By Leah Blain, Observer contributor

Red, yellow, and green hairbands. That’s how Jo McDermott decided to organize her closet.

“I grouped them by size. I put red hairbands on the hangers of my biggest pants - size 11/12, yellow around my medium ones, 9/10, and green around my skinny jeans, 7/8.”

That was November 2016 when the yellow and green sizes had long ceased to fit and her red ones were tight. Jo had an extra 40 lbs on her 5’9” frame, she knew she needed to make some changes.

“My husband runs. He said, ‘Maybe you should give it a try.’ I laughed and said, ‘I can’t run.’

He told me about an app, Couch to 5K. I thought, ‘Why not give it a try? The worst thing is that I try and it doesn’t work and that’s the end of it.’”

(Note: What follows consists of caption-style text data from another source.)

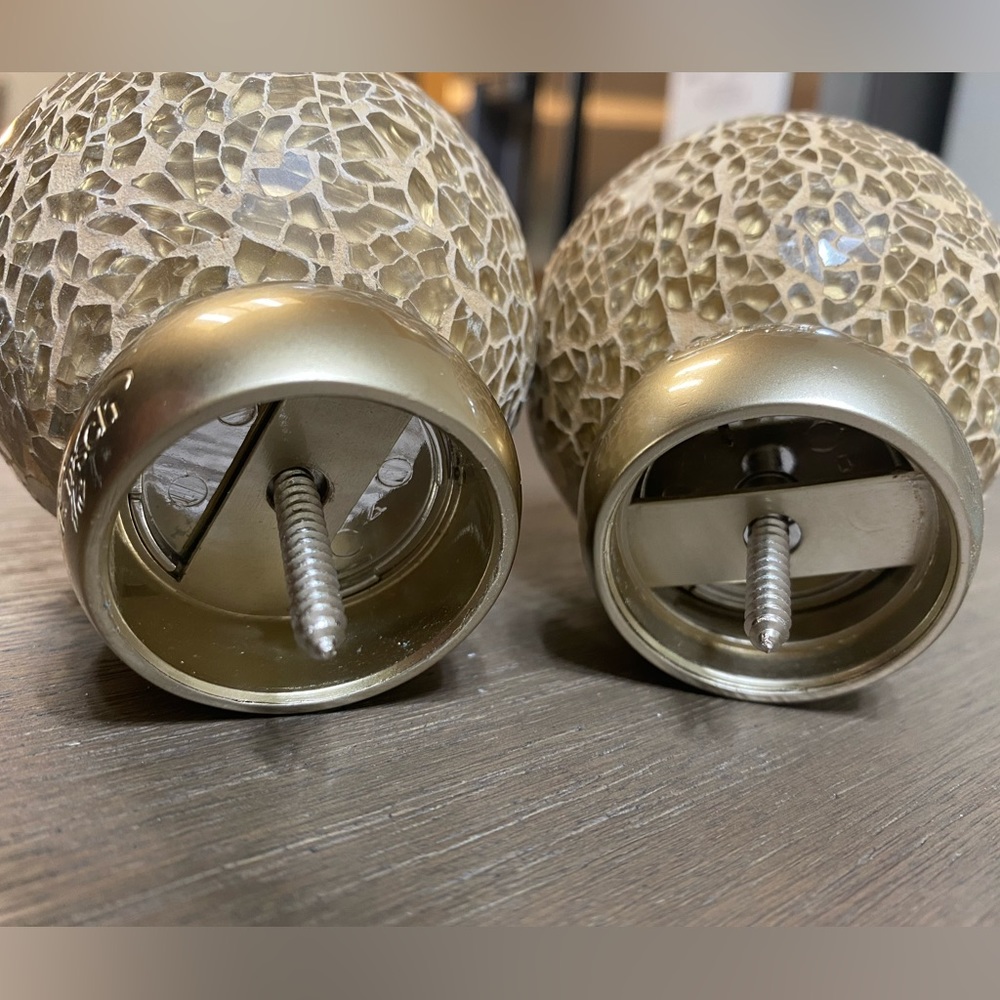 Curtain rod end knobs - Picture 5 of 5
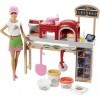 Barbie Métiers poupée pizzaïola avec kit pizzeria comprenant four, accessoires pour repas et trois pots de pâte à modeler, jo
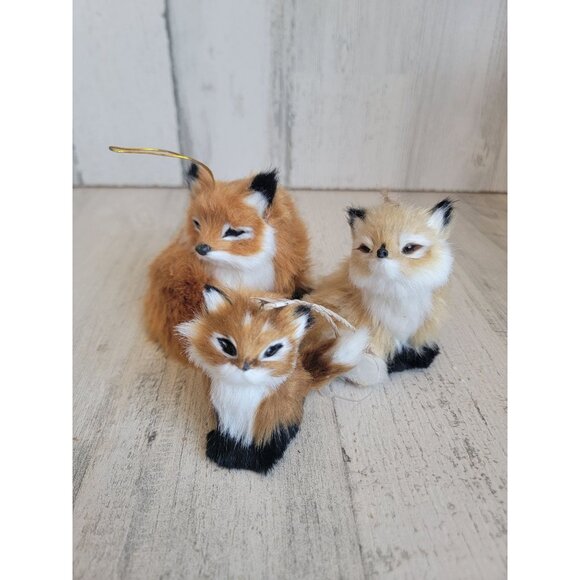 Realistic Faux fur for foxes ornament Xmas set - Picture 1 of 5
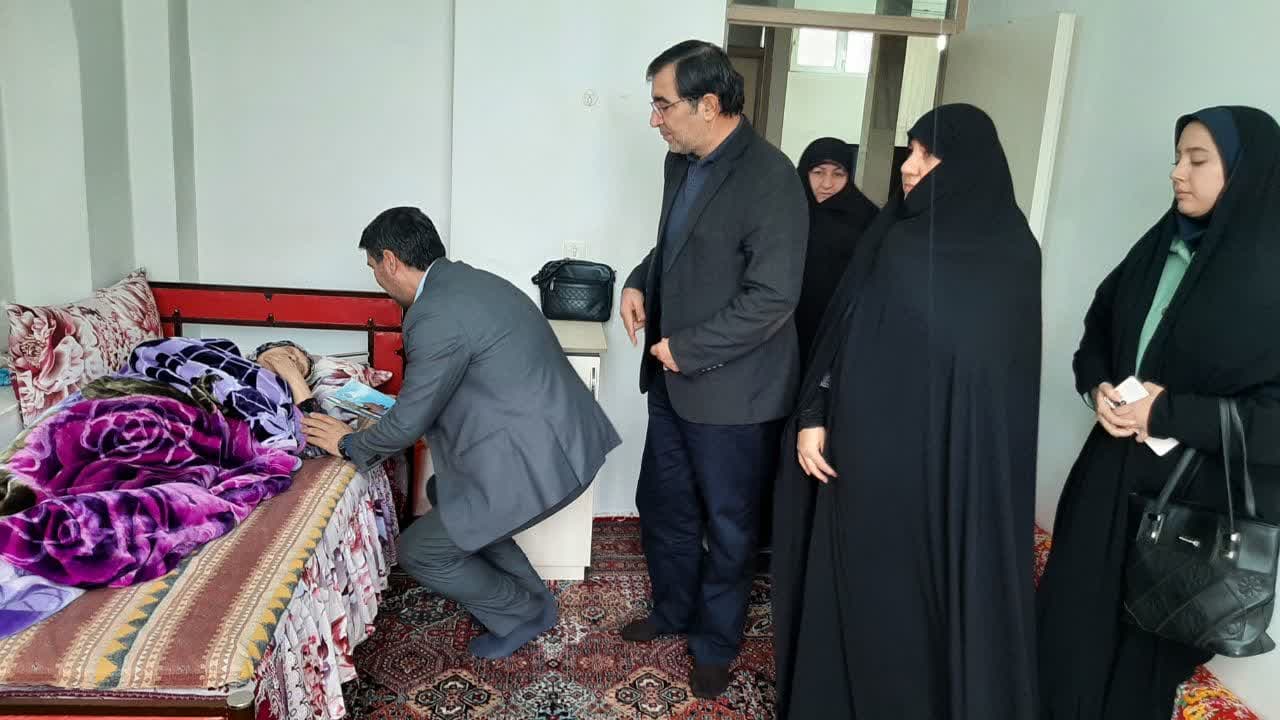 فرماندار شهرستان نقده با مادران گرانقدر شهیدان حمزه مداحی و غلامرضا تقی زاده دیدار کرد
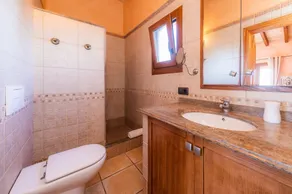 Maison de vacances rustique \"Los Tres Soles\" avec piscine, terrasses et Wi-Fi - Image 3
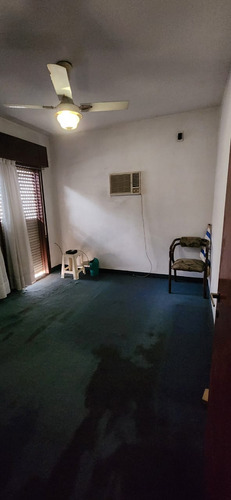 Casa De 4 Dormitorios.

But it proved to be a beginning.

“The app gives you every single workout and it vocally coaches you through the workout. You can have music on, it voices over the music. You start with a five minute warm up and it says, ‘Start running,’ and you run maybe four or five segments of a one-minute run.”

It was challenging but she did it.

“It progresses to slightly more running and slightly less walking. You don’t even really notice the increase until you realize you’re running 10 minutes straight.”

Even though she had never been a runner, she followed the program faithfully.

“By the eighth week you run for 35 minutes straight. Mentally you have to be - ‘Okay. Give it a try. No harm in trying.’”

She remembers the day at the end of January very well.

“It was cold, snowing, and miserable, and I knew this was the day I was going to do my 5K. It was freezing cold, but I thought, ‘I don’t care. I went out on Foothills toward Shuswap. I stepped on some ice wrong and I hurt my foot and I didn’t care. I thought, ‘I’m going to finish this stupid run.’ When I finished my 5K run I was crying.”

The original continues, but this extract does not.